Segment Start: SUPPLIED MATERIAL

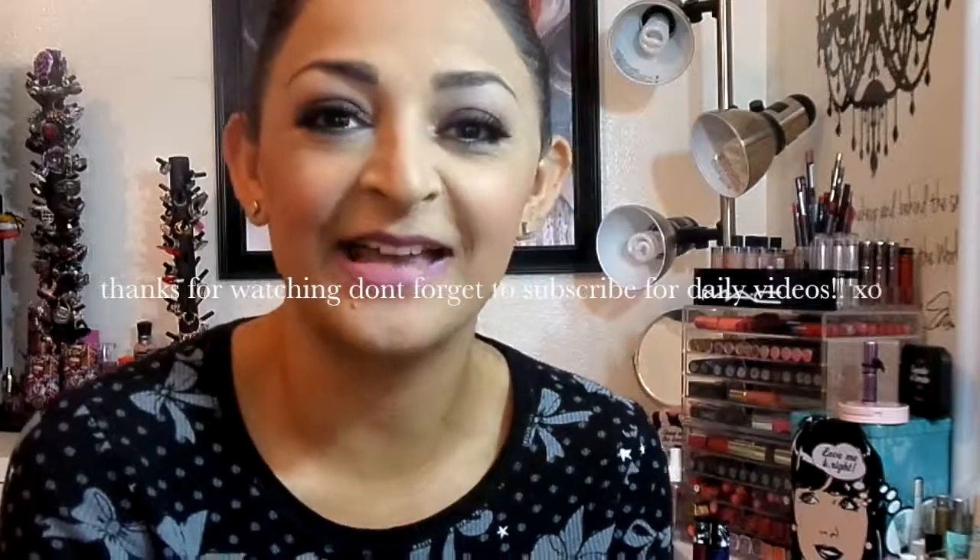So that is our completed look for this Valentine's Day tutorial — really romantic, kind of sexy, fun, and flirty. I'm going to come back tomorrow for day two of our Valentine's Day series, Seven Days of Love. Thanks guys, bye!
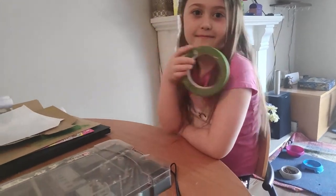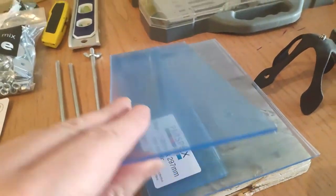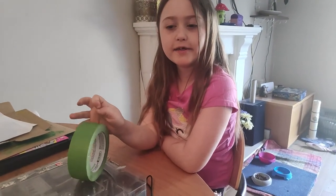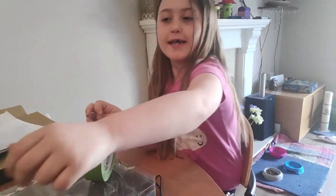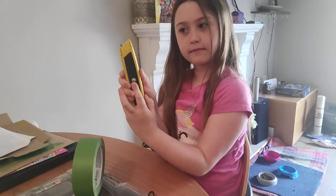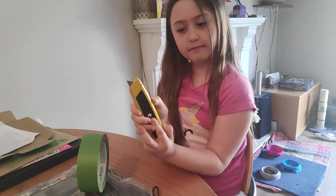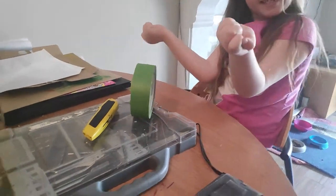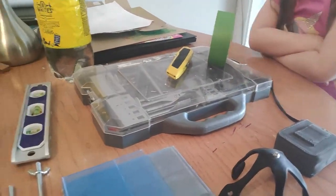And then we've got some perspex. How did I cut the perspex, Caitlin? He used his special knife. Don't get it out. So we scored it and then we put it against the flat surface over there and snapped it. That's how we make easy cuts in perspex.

Segment End: SUPPLIED MATERIAL
Segment Start: SUPPLIED MATERIAL

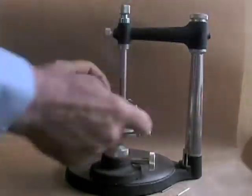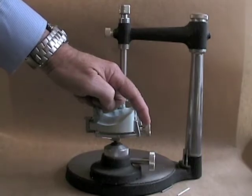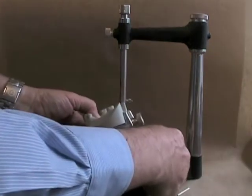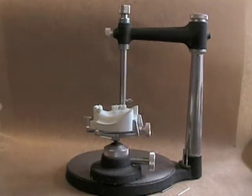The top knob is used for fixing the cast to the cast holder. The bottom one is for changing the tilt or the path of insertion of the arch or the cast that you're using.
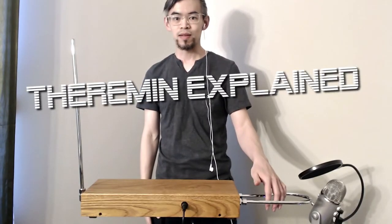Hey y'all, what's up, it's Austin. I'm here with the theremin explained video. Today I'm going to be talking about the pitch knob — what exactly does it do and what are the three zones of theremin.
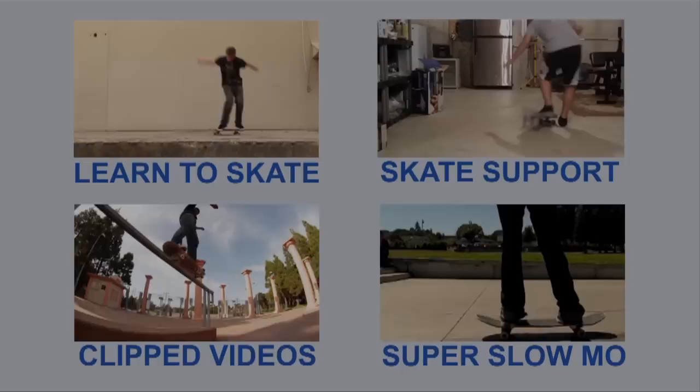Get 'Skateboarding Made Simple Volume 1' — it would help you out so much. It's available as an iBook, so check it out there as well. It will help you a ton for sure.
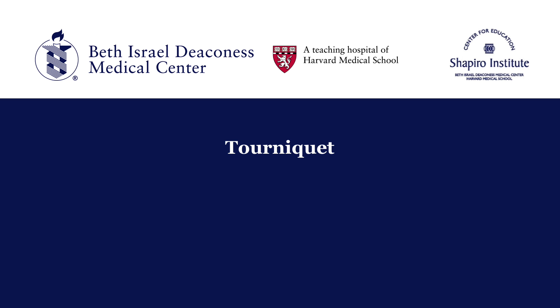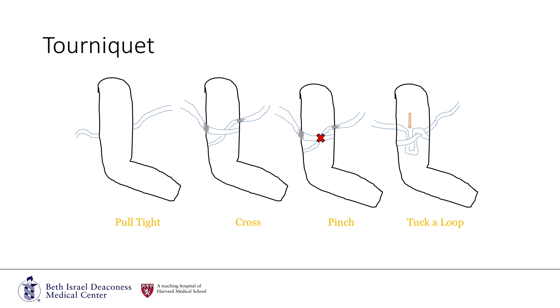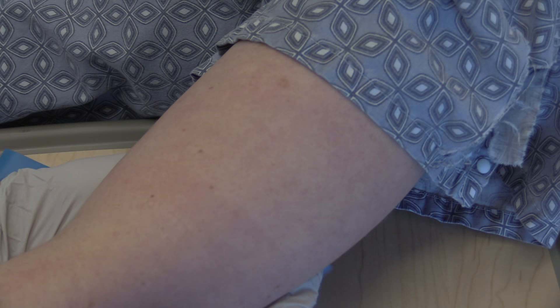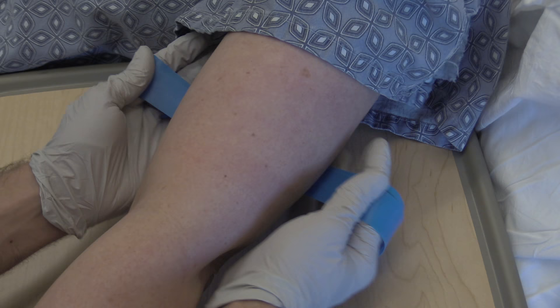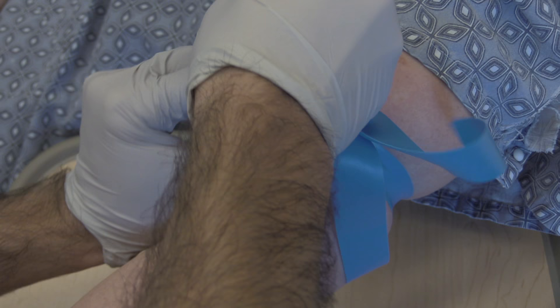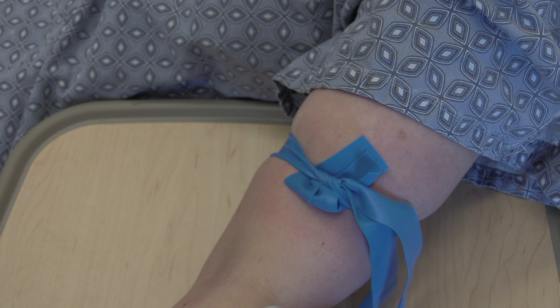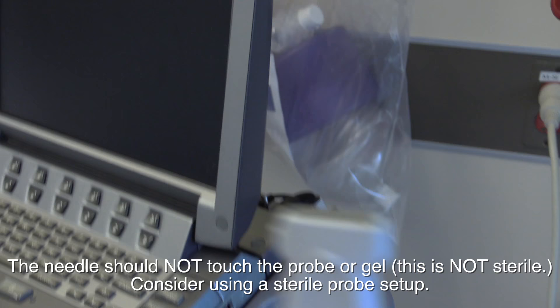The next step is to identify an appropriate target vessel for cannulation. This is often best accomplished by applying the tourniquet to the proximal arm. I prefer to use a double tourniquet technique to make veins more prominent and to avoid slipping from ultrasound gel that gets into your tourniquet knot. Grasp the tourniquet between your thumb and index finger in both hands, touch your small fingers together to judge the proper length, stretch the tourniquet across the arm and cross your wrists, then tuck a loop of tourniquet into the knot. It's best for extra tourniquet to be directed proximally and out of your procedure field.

Segment End: SUPPLIED MATERIAL
Segment Start: SUPPLIED MATERIAL

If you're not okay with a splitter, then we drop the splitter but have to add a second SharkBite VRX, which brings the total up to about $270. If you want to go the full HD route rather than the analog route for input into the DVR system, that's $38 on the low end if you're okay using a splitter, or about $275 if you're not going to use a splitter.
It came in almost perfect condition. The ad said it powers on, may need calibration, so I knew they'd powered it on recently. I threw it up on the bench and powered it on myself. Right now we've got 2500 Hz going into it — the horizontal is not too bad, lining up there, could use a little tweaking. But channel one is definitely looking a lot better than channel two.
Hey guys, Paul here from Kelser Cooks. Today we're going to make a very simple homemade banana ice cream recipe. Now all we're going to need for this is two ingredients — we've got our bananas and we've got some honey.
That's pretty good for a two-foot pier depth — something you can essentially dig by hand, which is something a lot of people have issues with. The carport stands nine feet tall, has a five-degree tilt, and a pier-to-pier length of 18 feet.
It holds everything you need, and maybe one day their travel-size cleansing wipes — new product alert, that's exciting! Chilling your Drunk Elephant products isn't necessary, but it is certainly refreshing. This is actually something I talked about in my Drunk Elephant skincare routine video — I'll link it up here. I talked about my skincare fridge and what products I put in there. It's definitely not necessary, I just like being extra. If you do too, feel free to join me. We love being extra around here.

Segment End: SUPPLIED MATERIAL

DESCRIPTION OF THE TASK.
Pictures excluded, transcribe the listing above exactly from the line with "So that is our" through the line with "And then we've", and no further.

YOUR SOLUTION.
So that is our completed look for this Valentine's Day tutorial — really romantic, kind of sexy, fun, and flirty. I'm going to come back tomorrow for day two of our Valentine's Day series, Seven Days of Love. Thanks guys, bye!
And then we've got some perspex. How did I cut the perspex, Caitlin? He used his special knife. Don't get it out. So we scored it and then we put it against the flat surface over there and snapped it. That's how we make easy cuts in perspex.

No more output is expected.